The Passenger (The Passenger, #1)(29)
Red had stretched out on his back and was aiming an imaginary rifle at a high jet. How do you propose that we measure two inches? It’s pitch black down there.
Just use your dick.
Which way is it pointed?
Your dick?
It’s pointed upriver. You can tell by the mast.
What happened to it anyway? Anybody know?
It was bringing a freighter up and they decided to run a couple of extra lines—weather or something—and the tug got gurded and tipped over.
That sounds pretty dumb.
Anytime you lose a boat on the river the first word that comes up on your screen is dumb. Usually preceded by fucking. What else?
I think that’s it. Questions?
Is there any likelihood of this thing breaking up in the sling?
No. Tugs dont break up. Tugs are forever.
All right.
Do I get an A?
I dont know. Red? Does he get an A?
What’s the tug weigh, Bobby?
A lot.
Sounds like an A to me.
The tenders had brought down a pair of Viking commercial wetsuits and laid them out on the deck along with two late-model SuperLite 17 helmets. Red and Western stripped down to their shorts and T-shirts and the tenders helped them into their gear and talked to them about the new EFROM wireless underwater phones they were going to use. There was no visibility in the river even with a light and the divers would be connected by an eighteen foot nylon jumper rope. They sat on the edge of the barge and pulled on heavy steeltoed construction boots and the tenders stood the two pairs of Justus stainless steel tanks on the deck behind them and held the tanks while they slipped into the harness and buckled and adjusted the straps. They buckled on their weightbelts and the tenders sorted the umbilicals and snapped on the safety lines and they looked back and raised their thumbs and pushed off into the river.

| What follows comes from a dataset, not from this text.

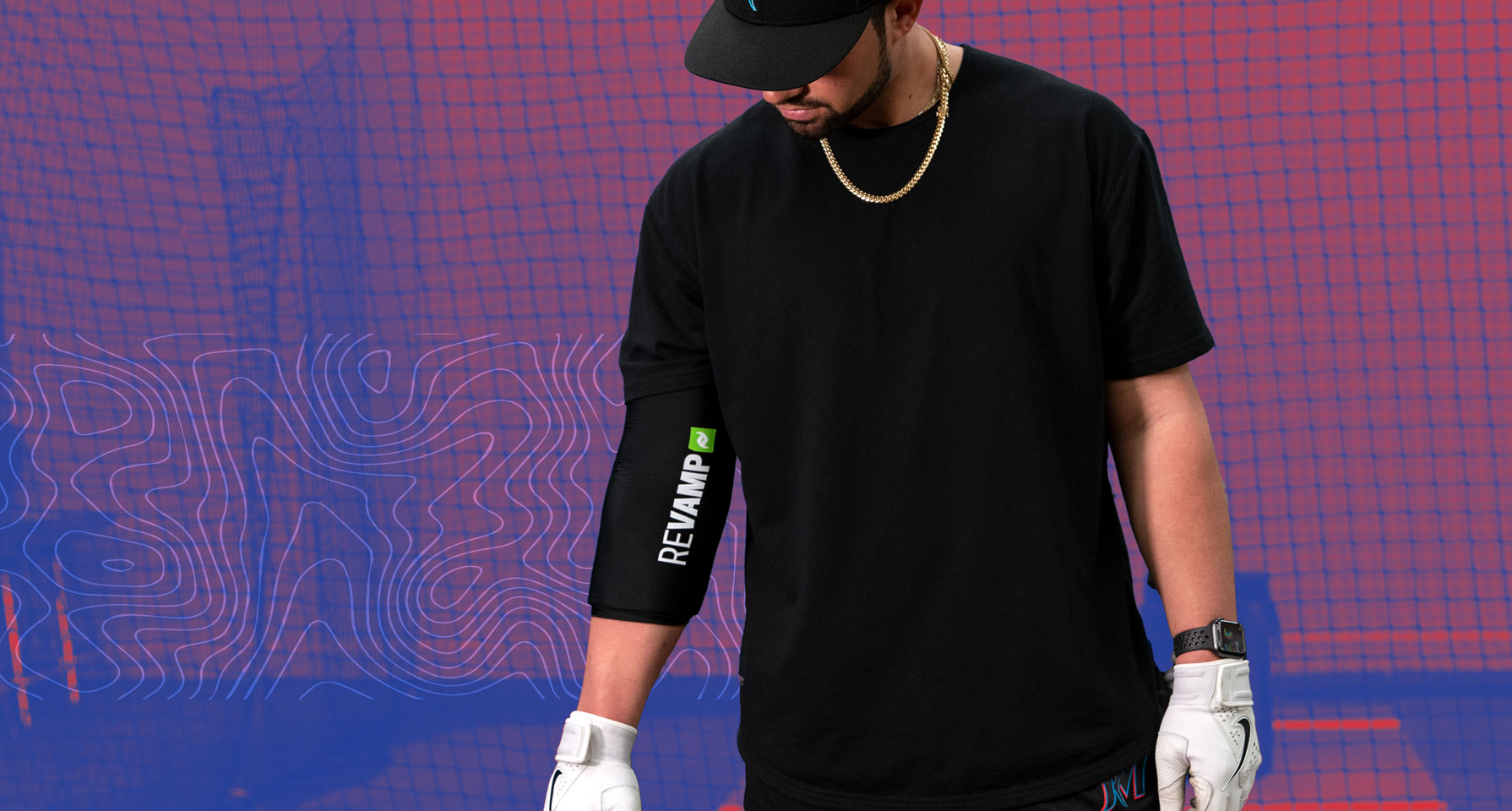 Performance Benefits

The visibility was instantly zero and it went from mud to black in just a few feet. The Ikelights they would normally use in low light were useless. They only made a dim brown smudge in the river and held at arm’s length looked to be fifty feet away. Burning mud, Oiler called it. The round plate of muddy light overhead closed slowly and they descended in darkness, the wall of the river carrying them downstream. Western tried the phone. You there? he said.
I’m here.
They wore balaclavas but Western could feel the cold in his head. A sharp pain. Like eating ice cream too fast. They descended in total blackness and the bottom of the river was suddenly there. Sooner than he would have thought. He almost lost his footing. He put one hand down. A sandy loam under his glove. Firmer than he would have thought. He stood and turned and faced upriver.
We’re down a ways, Red said.
Yeah.
He leaned into the current. The heavy unending wall of it. He turned and put his shoulder forward and began to move up the river floor in the heavy boots.
He could feel the hull of the boat upriver to him by the change in the current. Like a shadow in the moving water. He put up his hands before him. An acoustic feedback. What he touched was the edge of the rudder. He ran his hand over the rough steel plate and knelt and followed it down into the sand.
All right. We’ve got it.
What have you got?
I think it’s some kind of a goddamn boat.
He shaped out the deep castiron nacelles that housed the propellers. The rudder was enormous and he traced it forward and wedged his fingers in at the leading edge. Red pulled up alongside him. Western took the nylon lead rope loose from his belt and fed it through the gap between the forward edge of the rudder and the hull and ran it back and forth a couple of times and then hooked the loop end of it back through his belt.
I think we’re good here.
All right. I’m going to cut you loose. I’ll take my end up front.
This thing is what? Ninety feet?
That’s what Russell has.
I’ll see you topside.
Andale pues.
Western hauled a few yards of the rope loose and started upriver. He thumbed the button on his divephone. You there?
I’m here.
I think we’re doing good.
There’s always something.
Always something. Over and out.
He dragged the rope behind him, one hand on the hull of the tug. A ship was trudging past upriver and he stopped for a moment. The engines overhead made a clanky metallic sound in the sourceless dark. His first dive in the river was two years ago. The weight of it moving over him. Endlessly, endlessly. In a sense of the relentless passing of time like nothing else.
When he got to what he thought was half the length of the boat he called Red again. I’m going up, he said.
Roger that.
He took off his weightbelt and hooked it to one of his lines and let the line go in the dark. He unhooked the jumper and rose slowly up over the canted hull. Past the single chine and on up to the row of tires chained along the upper hull to where it canted back into the tumblehome. He pushed off the deck and rose and broke through the surface of the river and spread his hands and turned, drifting slowly. One of the tenders stepped to the edge of the barge and slung a heaving line out over the face of the river just below him. He reached and got hold of it and the tender gave him a thumbs-up and straightened the rope in the fairlead of the winch and threw the lever and Western swung downriver on his back and then the winch slowly towed him in.
The tenders helped him off with his tanks and his helmet and someone brought him a coffee. He set the cup on the deck and took off his gloves and watched the river until Red surfaced. You get it? he called.